### RECORDED INFORMATION
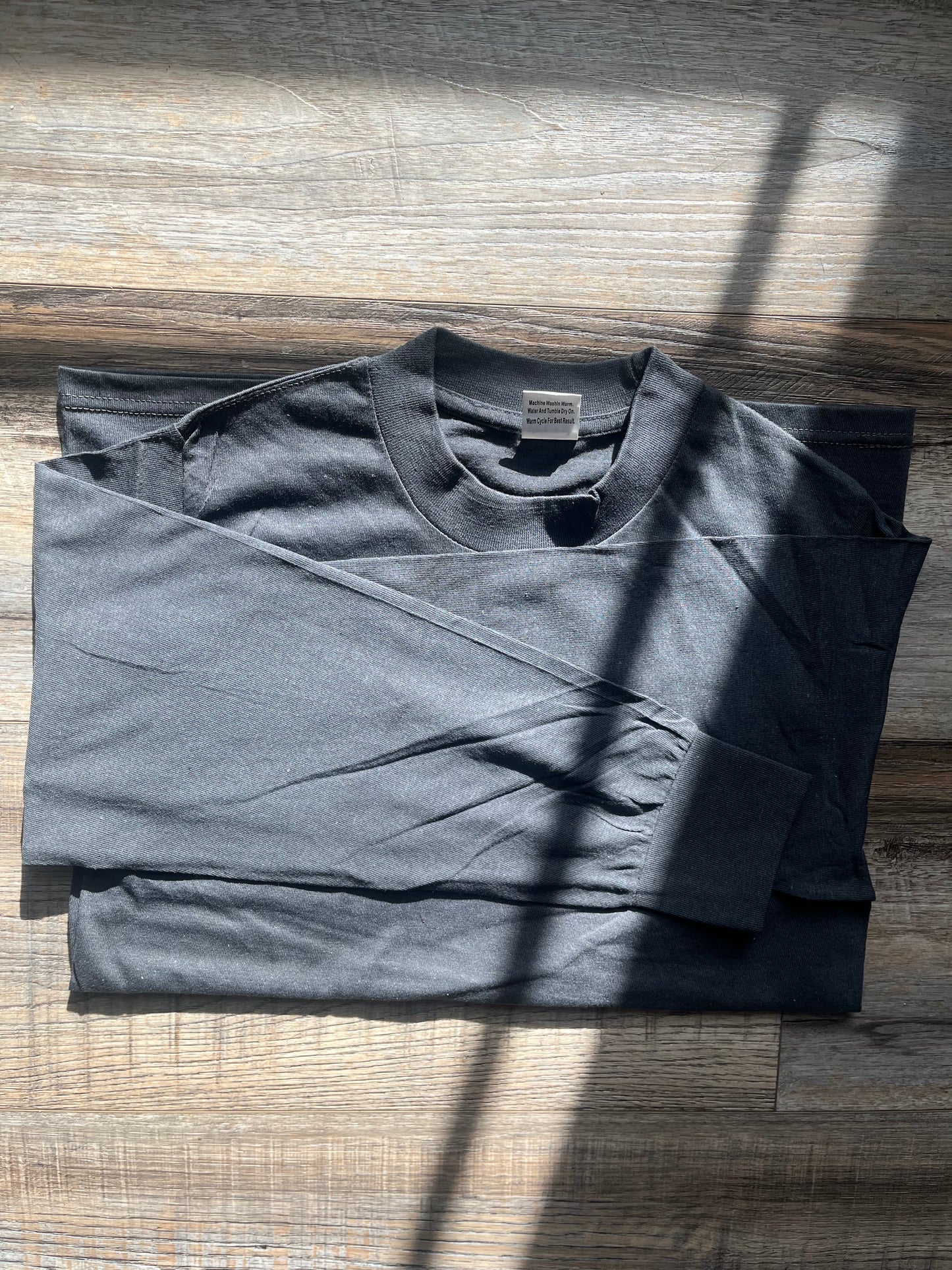 LongSleeve Tee Shirts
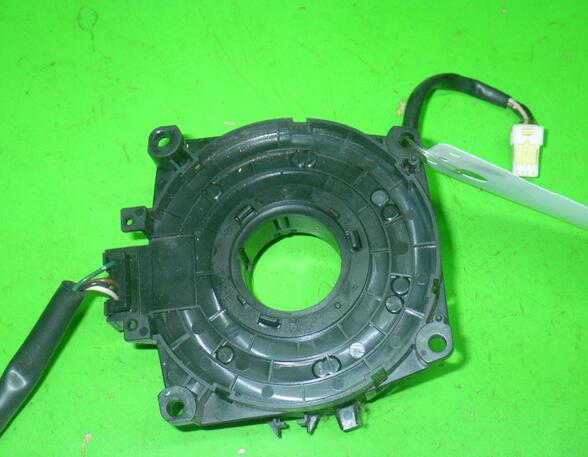 Air Bag Contact Ring NISSAN Micra II (K11)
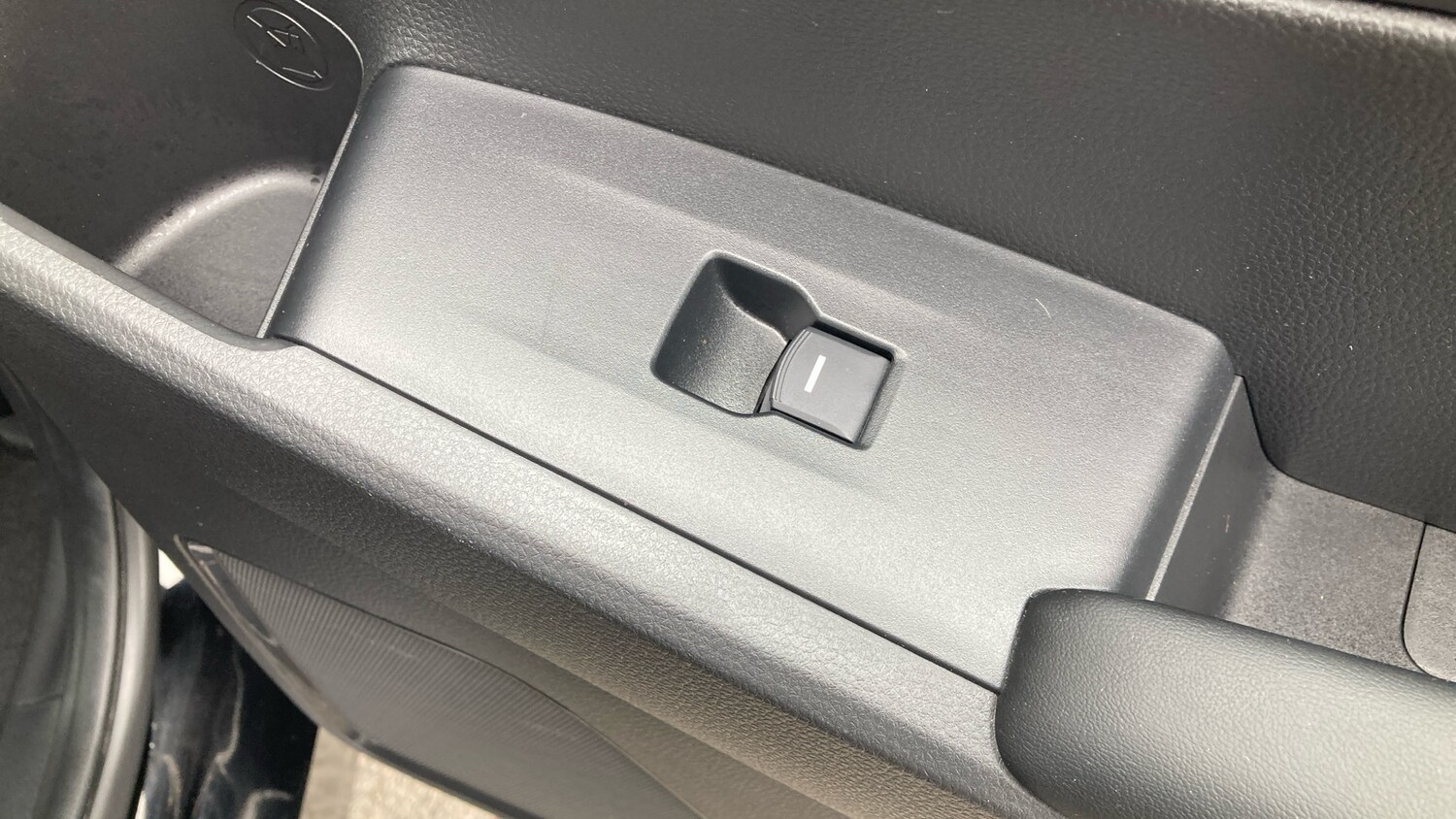 Used Honda HR-V 2023 for sale - 78152862: Photo 37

### TASK ITEM
Your answer must be an exact copy of the listing, with every picture omitted.

### OUTPUT OF THE EXERCISE
 LongSleeve Tee Shirts
 Air Bag Contact Ring NISSAN Micra II (K11)
 Used Honda HR-V 2023 for sale - 78152862: Photo 37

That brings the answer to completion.